Must admit, I'd like to give the Bailey's Outshine a try but the price of £30+ is daunting.  I would only be adding a mug-full per day to her diet so a 20KG sack should last 3 months, but I still want to be sure the benefits were going to be worth it.  

Maybe just whilst she's moulting into her summer coat, then?


----------



## PaddyMonty (5 March 2008)

I have used it on 3 horses now.  All 3 have previously been on various oils prior to using outshine.  All 3 looked better on outshine than straight oils.
Otto's owner put him on it (at my recommedation) as he was underweight and dull.  Within a few weeks he looked a million times better.  When the bag ran out she decided to just go the staright oil route.  Changed her mind after 6 weeks.  Her words "he just doesn't look anywhere near as good"
I use it for condition and energy.


----------



## dingle12 (5 March 2008)

Full Fat Soya Meal where do you get that from?


----------



## Britestar (5 March 2008)

I get it from local farm supply store. They sell cattle/sheep/horse food etc. I live in north Scotland so don't know where you'd get it 'doon south'.


----------



## kerilli (6 March 2008)

i use outshine and really rate it. very palatable too, unlike some high-oil feeds.


----------



## KatB (6 March 2008)

My horse absolutely adored the spearmint outshine, and it did help put condition on him the end of last winter. I now feed Baileys Endurance mix which has it included, and he does look fab, but dont know if that is down to the outshine or his topspec!! It is very expensive considering it isnt even a balancer, but does seem to add condition and shine.


----------



## vickers22 (6 March 2008)

fabulous stuff but very expensive, although i needed to feed 3 cups a day.

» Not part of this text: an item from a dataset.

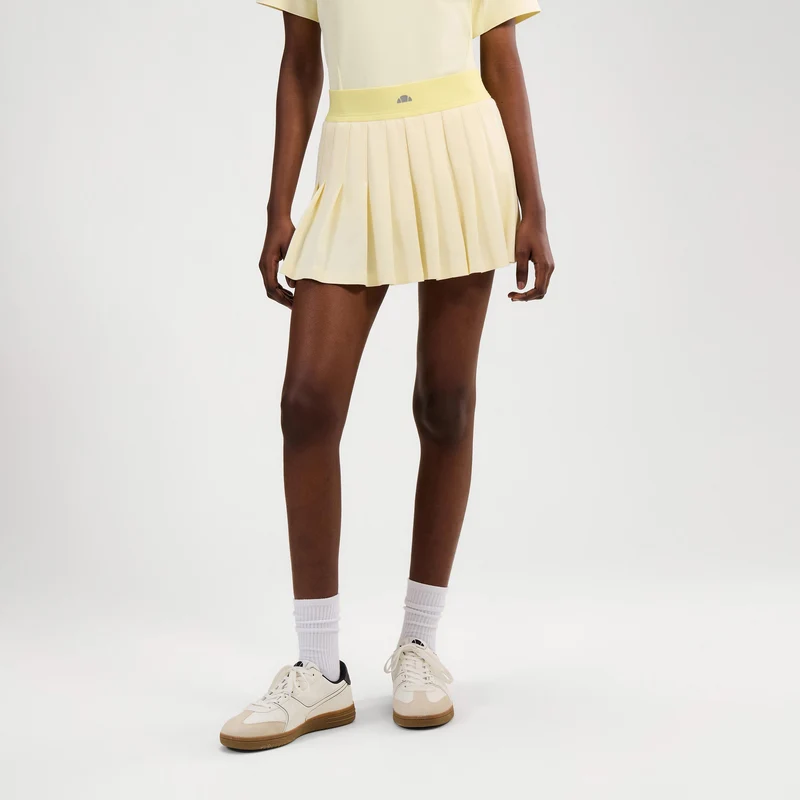 Ortegas Shorts Damen - gelb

For a smaller horse (zak is 16hh) it would be cheaper, the bag does last a long time (well....about a month!!) The spearmint one is looovely. Gets them shining like a penny-this is Zak last year;







And this is him this year;

 [image]
	
	
		
		
	


	




[/image] 

Although he could do with more weight-it seemed to put it on up to a point and then no more. But he is a typical tb!


----------



## LEC (6 March 2008)

It did nothing for my horse and cost me a fortune. I have had much better results on Alfa A oil.


----------